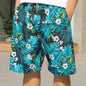 Summer Beach Pants Men's Loose Casual Fifth Pants Ice Silk High Elasticity Quick-drying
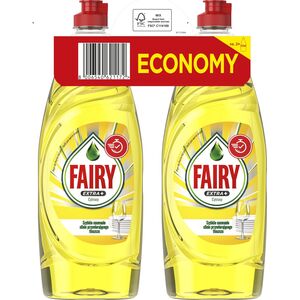 FAIRY PŁYN EXTRA PLUS CYTRYNA 2X650ML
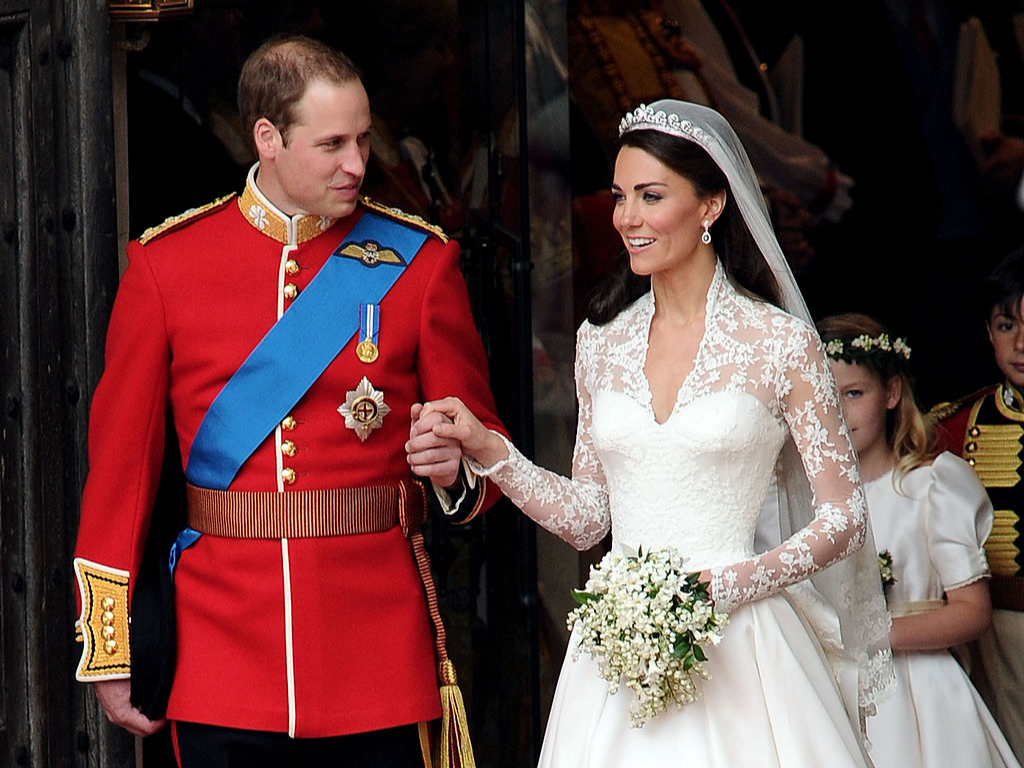 Принц Уильям и герцогиня Кэтрин в день своей свадьбы, 29 апреля 2011 | marieclaire.ru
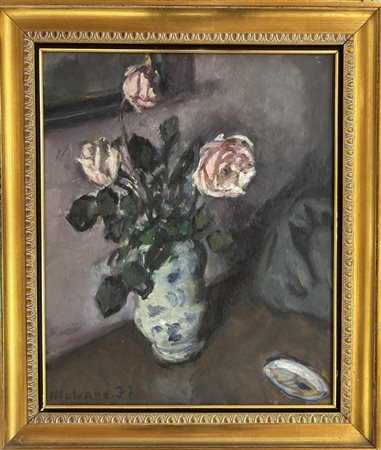 Ugo Malvano, Torino 1878 - Finale Ligure (SV) 1958, Vaso di fiori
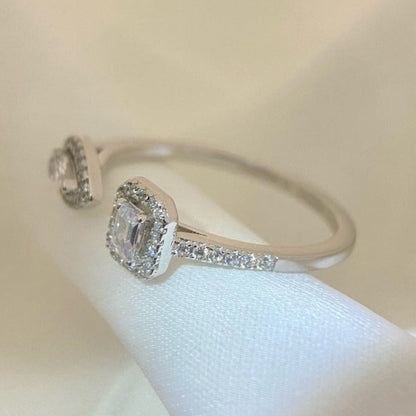 [ELAN LUXE]MY TWIN TOI & MOI SILVER DIAMOND RING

--------

__TASK ITEM__
All of the material above should be output exactly, with the pictures left behind.

__SOLVED PROBLEM__
 Summer Beach Pants Men's Loose Casual Fifth Pants Ice Silk High Elasticity Quick-drying
 FAIRY PŁYN EXTRA PLUS CYTRYNA 2X650ML
 Принц Уильям и герцогиня Кэтрин в день своей свадьбы, 29 апреля 2011 | marieclaire.ru
 Ugo Malvano, Torino 1878 - Finale Ligure (SV) 1958, Vaso di fiori
 [ELAN LUXE]MY TWIN TOI & MOI SILVER DIAMOND RING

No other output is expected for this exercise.